Aim of the task: Search the entries below for "COMPETITION FOR THE". Give that line and all the lines after it again, exactly, through the last, without pictures.

Short web captions
<<<<

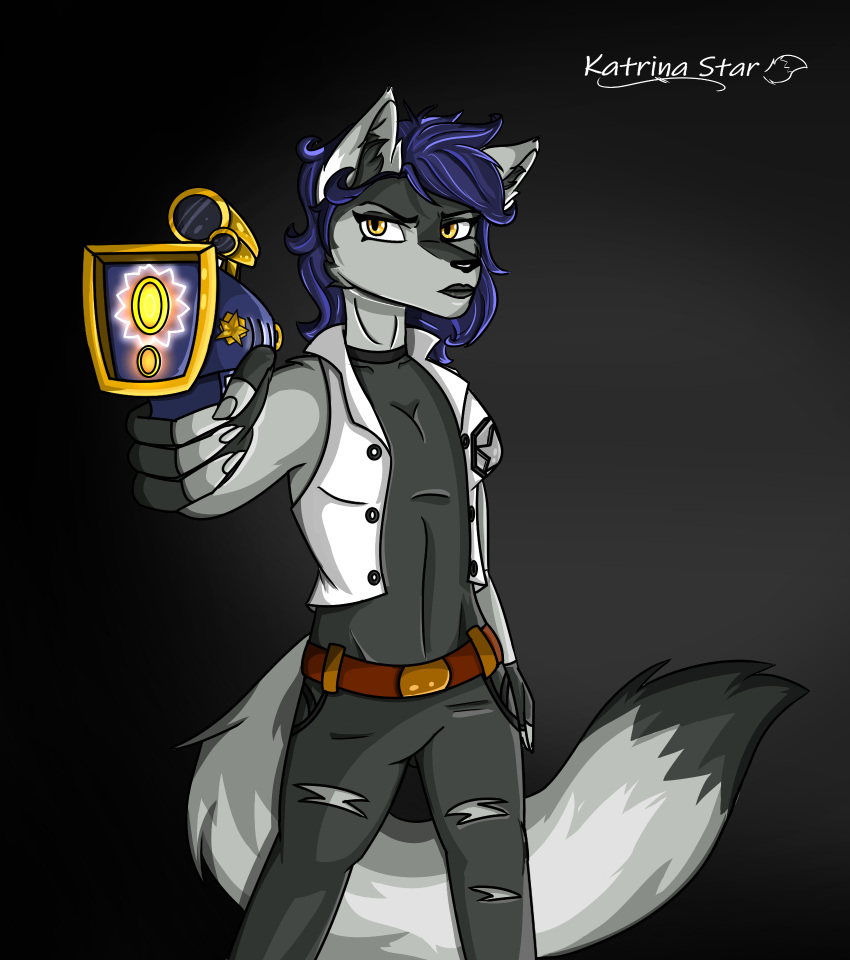 anthro astafox canid canine courtofthieves female fox gun hi_res invalid_tag katrinastar mammal playstation ranged_weapon slycooper solo sony_corporation sony_interactive_entertainment video_games weapon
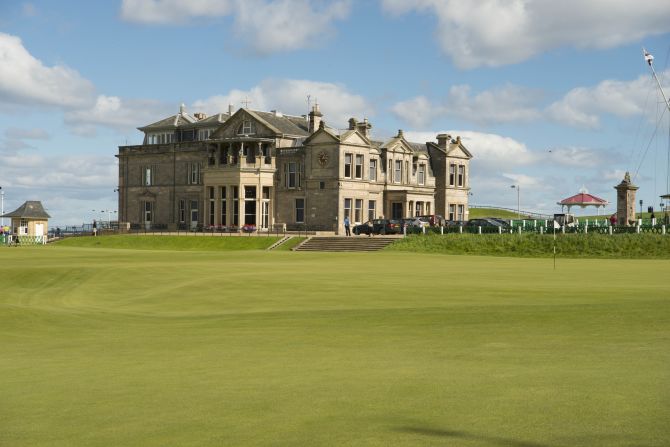 The Home of Golf and probably the most famous course in the world, the Old Course at St Andrews Links' has hosted 28 Open Championships with another one due in 2015. <a href="index.php?page=&url=http%3A%2F%2Fedition.cnn.com%2F2014%2F03%2F26%2Fsport%2Fgolf%2Fgolf-ra-st-andrews%2F">This year it might even allow women to join its ranks.</a>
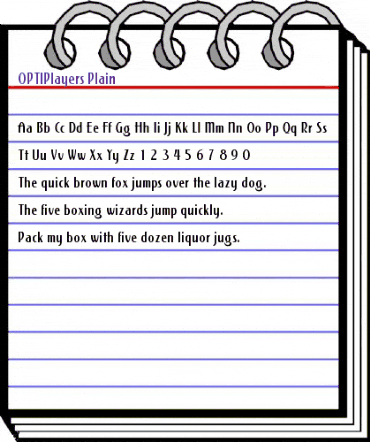 OPTIPlayers Regular animated font preview
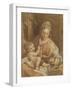 La Vierge assise tenant l'Enfant Jésus nu et un livre ouvert-Federico Barocci-Framed Giclee Print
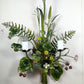Salvadori Wild Flowers and Fruit Bouquet Tole Wall Light Italy 1960's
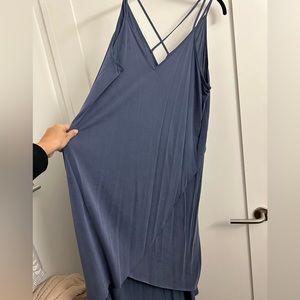 Asymetruic Periwinkle Spaghetti strap dress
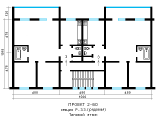Поэтажная планировка квартир в доме по проекту 2-60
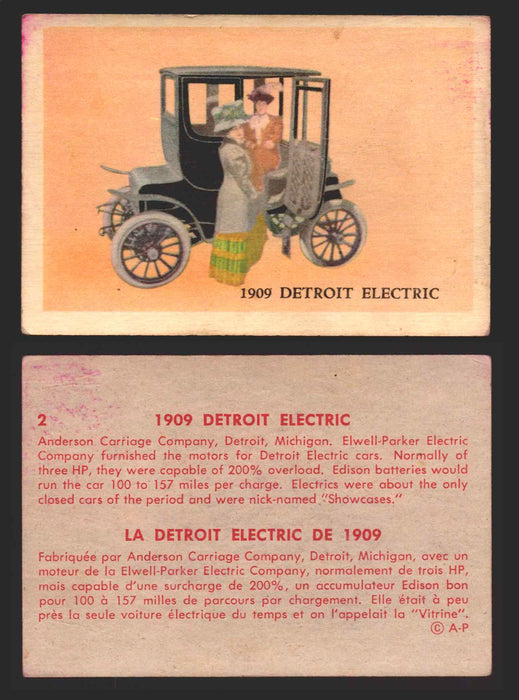1959 Parkhurst Old Time Cars Vintage Trading Card You Pick Singles #1-64 V339-16 2	1909 Detroit Electric  - TvMovieCards.com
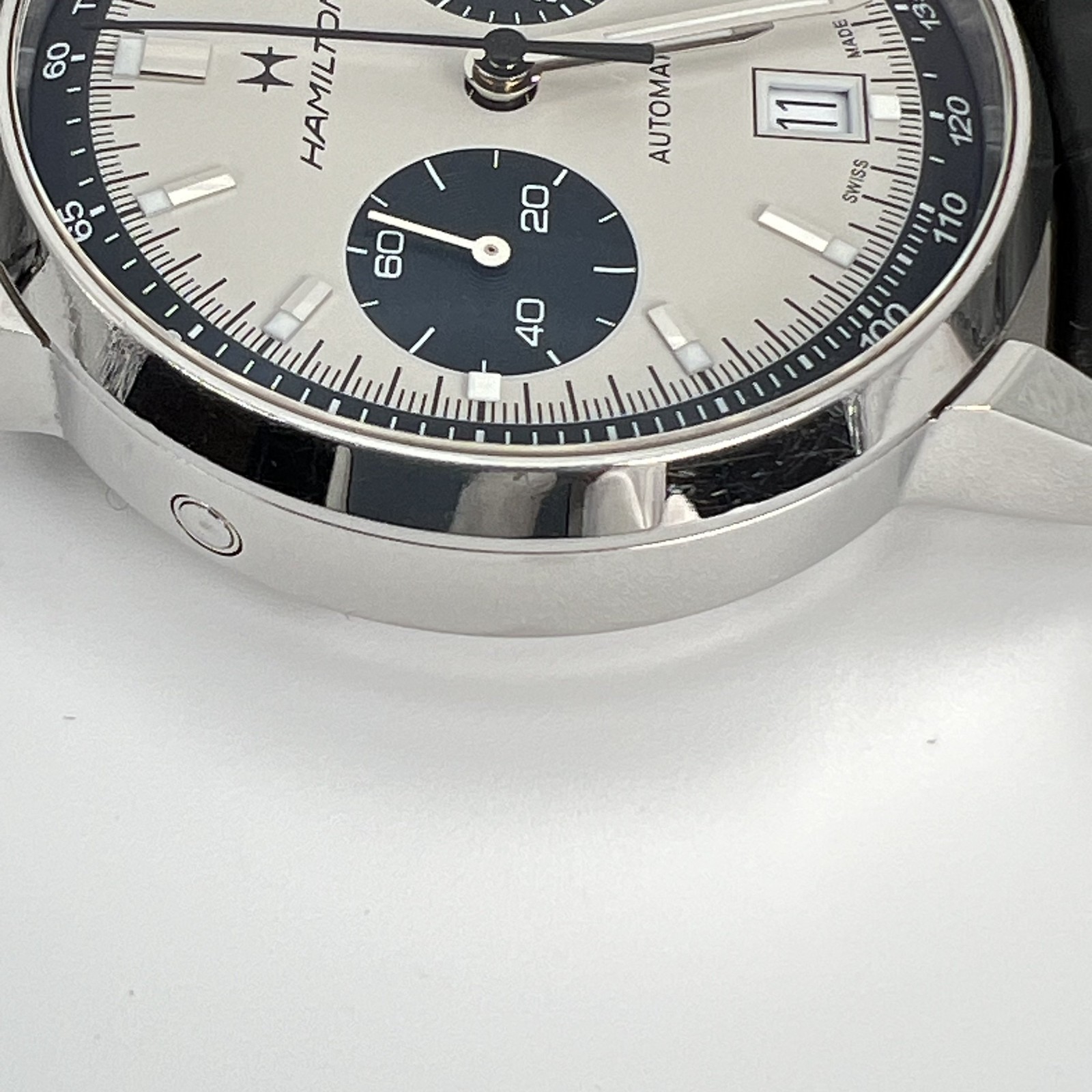 Hamilton Intra-Matic H384160 Automatic Chronograph Men’s Watch Stainless #W-21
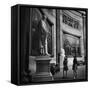 Two Girl Scouts Looking Up at Marble Statue of Abraham Lincoln, Rotunda of the Capitol Building-Alfred Eisenstaedt-Framed Stretched Canvas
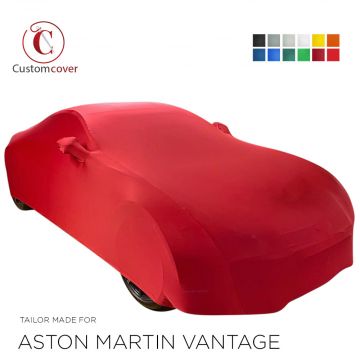 Telo copriauto da interno fatto su misura Aston Martin Vantage con tasche per gli specchietti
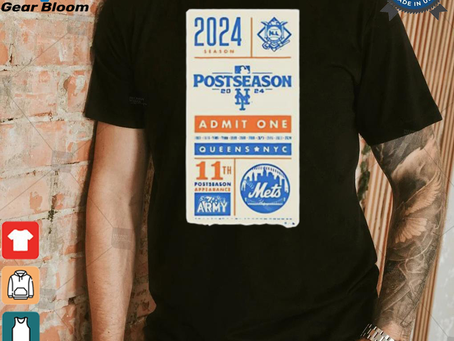 New York Mets 2024 postseason admit one queens shirt
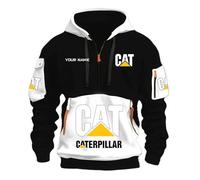 ZILUXI Felpa Uomo con Cappuccio Ca.ter-pillar, Felpa con Cappuccio Modello,Hooded Track Top Felpa con Cappuccio, classic(Black-White,M)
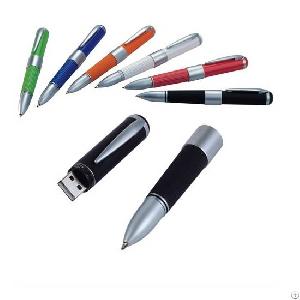 Oem Colorful Plastic Pen With Usb Memory Stick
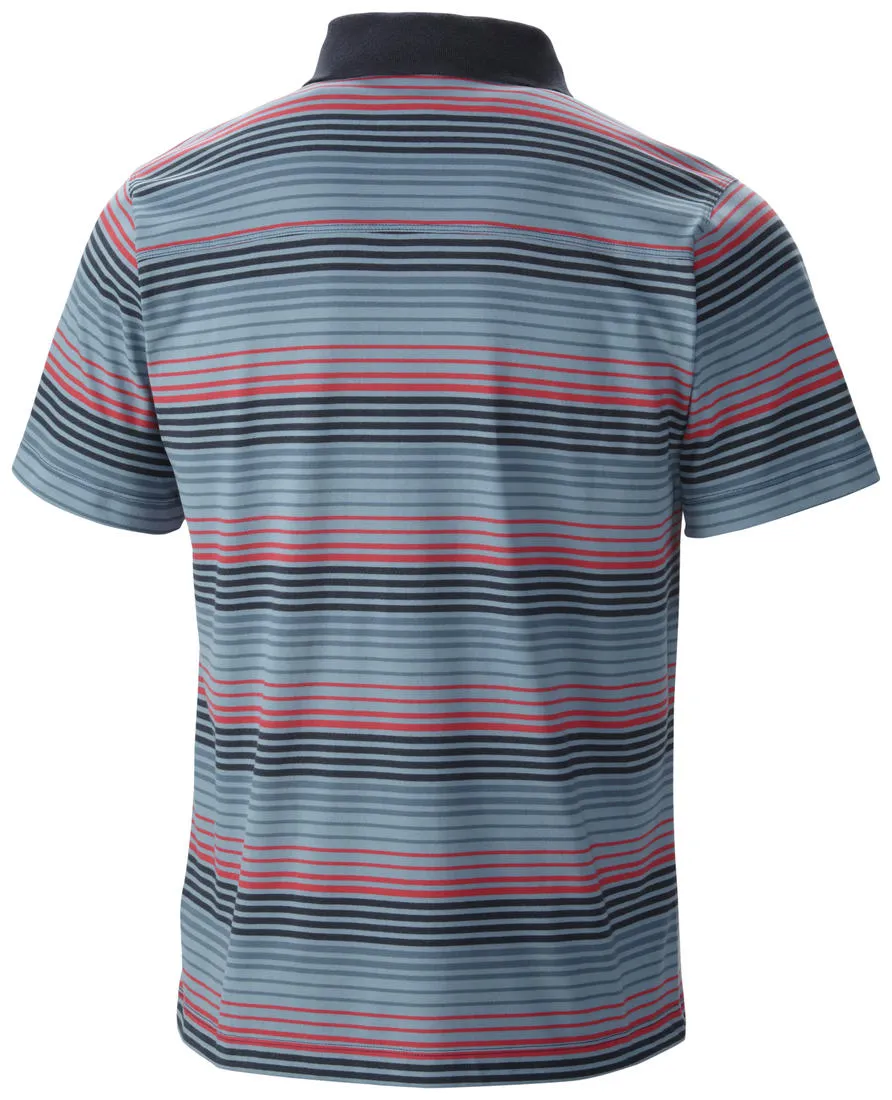 Columbia Men Blue Sweat Threat II Polo T-Shirt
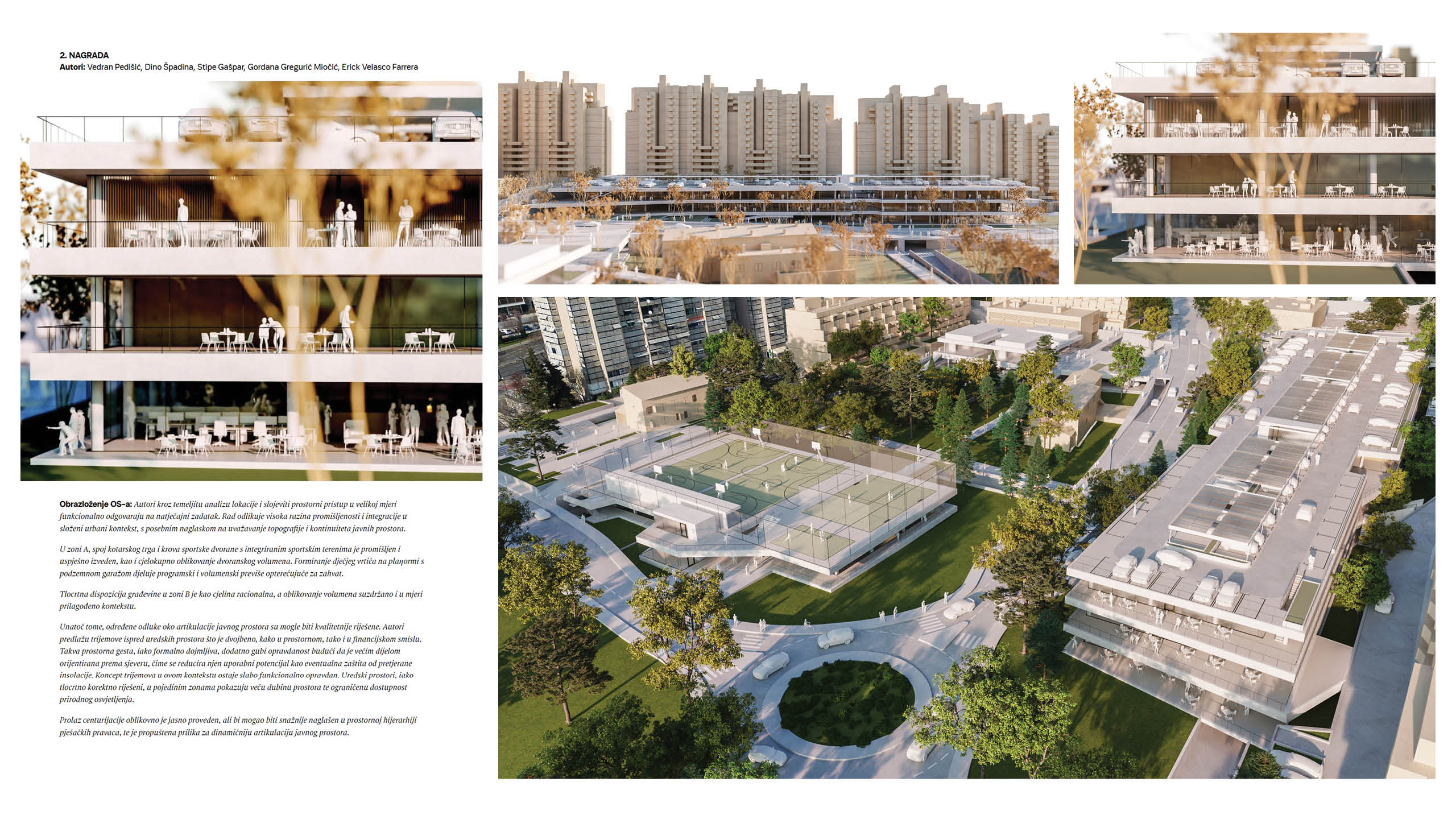 COMPETITION FOR THE INTERSECTION OF MOLIŠKIH HRVATA STREET AND TRSTENIKA ROAD IN SPLIT_2ND PRIZE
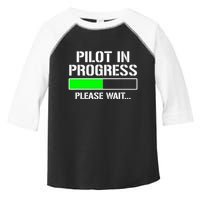 Pilot In Progress Funny Flight School Student Toddler Fine Jersey T-Shirt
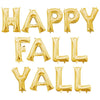 Anagram 16 inch HAPPY FALL YALL - ANAGRAM LETTERS KIT (AIR-FILL ONLY) Foil Balloon KT-400468-A-P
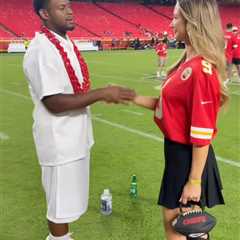 JuJu Smith-Schuster’s fiancé thankful for this reason after wild Chiefs-Lions postgame brawl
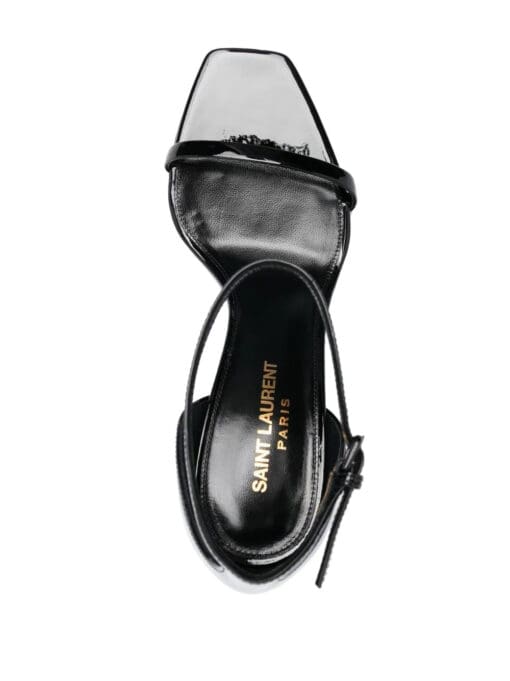 Saint Laurent 85mm logo-lettering sandals - Image 4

>>>>

Written answer:
 COMPETITION FOR THE INTERSECTION OF MOLIŠKIH HRVATA STREET AND TRSTENIKA ROAD IN SPLIT_2ND PRIZE
 Pilot In Progress Funny Flight School Student Toddler Fine Jersey T-Shirt
 Anagram 16 inch HAPPY FALL YALL - ANAGRAM LETTERS KIT (AIR-FILL ONLY) Foil Balloon KT-400468-A-P
 JuJu Smith-Schuster’s fiancé thankful for this reason after wild Chiefs-Lions postgame brawl
 Saint Laurent 85mm logo-lettering sandals - Image 4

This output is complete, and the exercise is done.